Give all the lines below again, exactly, with no pictures.

Start of STORED DATA

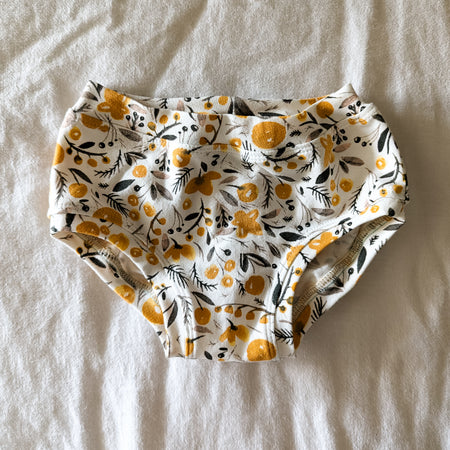 Yellow floral organic underpants for kids sizes 1 to 12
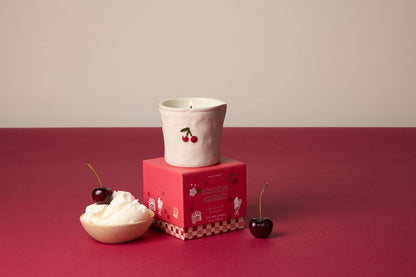 9to5 Studios Paddywax Bistro Cherries Embossed Ceramic Candle - Smoked Cherry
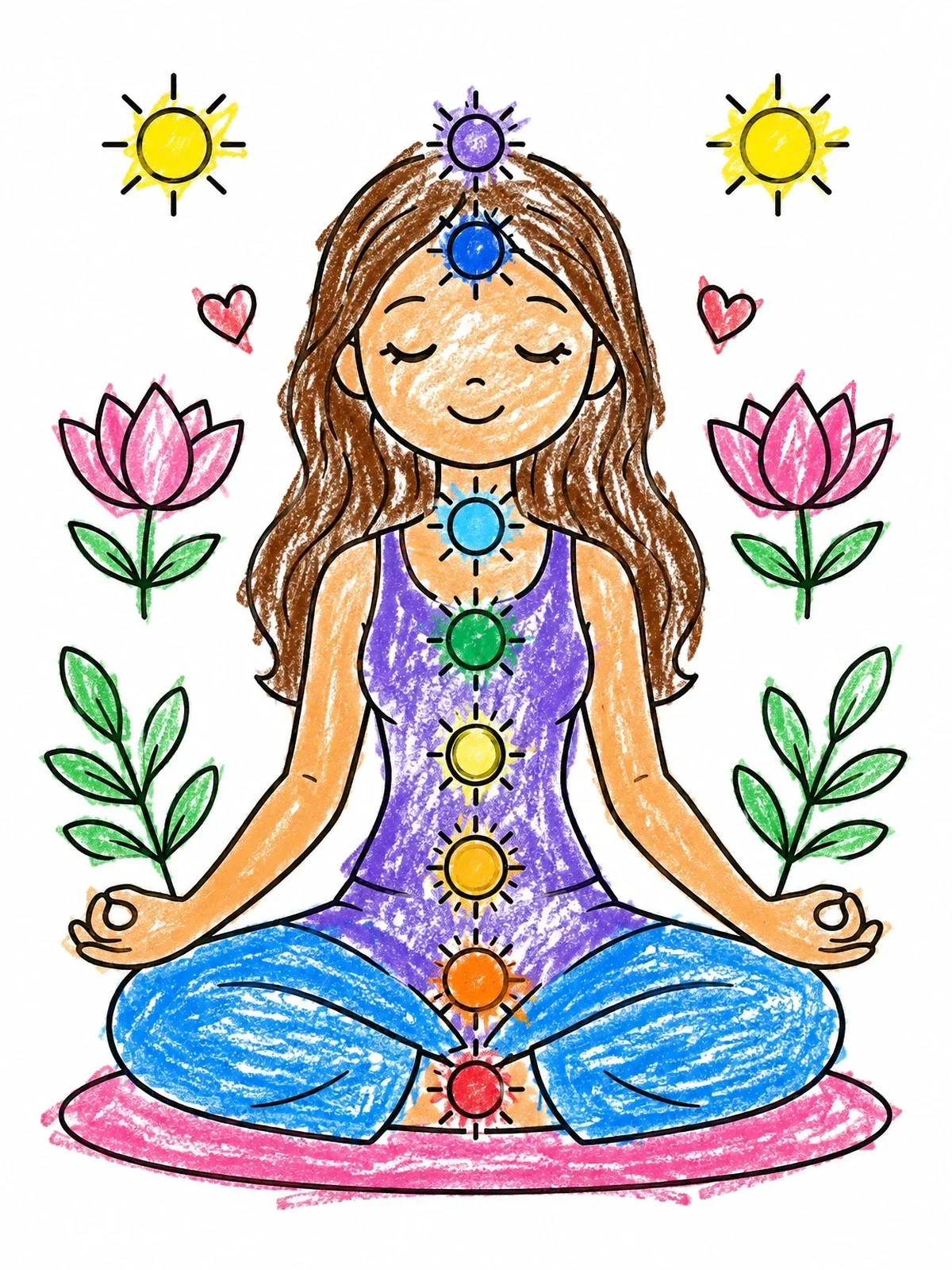 Colored example of the Peaceful Girl Meditating With Chakras coloring page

End of STORED DATA

§ **SOLUTION**:
 Yellow floral organic underpants for kids sizes 1 to 12
 9to5 Studios Paddywax Bistro Cherries Embossed Ceramic Candle - Smoked Cherry
 Colored example of the Peaceful Girl Meditating With Chakras coloring page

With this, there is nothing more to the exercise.